◆ Brief: Retype the entries word for word, leaving nothing out.

◆ Source data:
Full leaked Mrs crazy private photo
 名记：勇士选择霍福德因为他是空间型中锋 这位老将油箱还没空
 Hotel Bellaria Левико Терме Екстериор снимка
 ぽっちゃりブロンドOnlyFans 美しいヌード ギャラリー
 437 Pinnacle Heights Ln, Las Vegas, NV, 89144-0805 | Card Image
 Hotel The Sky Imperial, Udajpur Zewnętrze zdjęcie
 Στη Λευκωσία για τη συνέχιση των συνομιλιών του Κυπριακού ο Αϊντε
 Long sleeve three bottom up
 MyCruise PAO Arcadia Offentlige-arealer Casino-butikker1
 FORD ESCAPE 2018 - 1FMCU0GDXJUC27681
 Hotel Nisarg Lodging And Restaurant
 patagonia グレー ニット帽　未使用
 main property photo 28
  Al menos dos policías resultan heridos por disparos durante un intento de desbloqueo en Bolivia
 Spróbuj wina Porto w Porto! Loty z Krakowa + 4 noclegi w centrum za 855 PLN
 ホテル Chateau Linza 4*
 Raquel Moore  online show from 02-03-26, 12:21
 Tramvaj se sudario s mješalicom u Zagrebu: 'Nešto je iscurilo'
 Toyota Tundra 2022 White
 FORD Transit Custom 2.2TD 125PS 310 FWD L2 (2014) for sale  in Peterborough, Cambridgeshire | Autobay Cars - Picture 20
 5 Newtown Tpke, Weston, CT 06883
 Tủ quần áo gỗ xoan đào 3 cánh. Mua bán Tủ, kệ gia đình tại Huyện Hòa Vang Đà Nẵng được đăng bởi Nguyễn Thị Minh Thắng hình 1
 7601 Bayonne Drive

◆ Result of this task:
Full leaked Mrs crazy private photo
 名记：勇士选择霍福德因为他是空间型中锋 这位老将油箱还没空
 Hotel Bellaria Левико Терме Екстериор снимка
 ぽっちゃりブロンドOnlyFans 美しいヌード ギャラリー
 437 Pinnacle Heights Ln, Las Vegas, NV, 89144-0805 | Card Image
 Hotel The Sky Imperial, Udajpur Zewnętrze zdjęcie
 Στη Λευκωσία για τη συνέχιση των συνομιλιών του Κυπριακού ο Αϊντε
 Long sleeve three bottom up
 MyCruise PAO Arcadia Offentlige-arealer Casino-butikker1
 FORD ESCAPE 2018 - 1FMCU0GDXJUC27681
 Hotel Nisarg Lodging And Restaurant
 patagonia グレー ニット帽　未使用
 main property photo 28
  Al menos dos policías resultan heridos por disparos durante un intento de desbloqueo en Bolivia
 Spróbuj wina Porto w Porto! Loty z Krakowa + 4 noclegi w centrum za 855 PLN
 ホテル Chateau Linza 4*
 Raquel Moore  online show from 02-03-26, 12:21
 Tramvaj se sudario s mješalicom u Zagrebu: 'Nešto je iscurilo'
 Toyota Tundra 2022 White
 FORD Transit Custom 2.2TD 125PS 310 FWD L2 (2014) for sale  in Peterborough, Cambridgeshire | Autobay Cars - Picture 20
 5 Newtown Tpke, Weston, CT 06883
 Tủ quần áo gỗ xoan đào 3 cánh. Mua bán Tủ, kệ gia đình tại Huyện Hòa Vang Đà Nẵng được đăng bởi Nguyễn Thị Minh Thắng hình 1
 7601 Bayonne Drive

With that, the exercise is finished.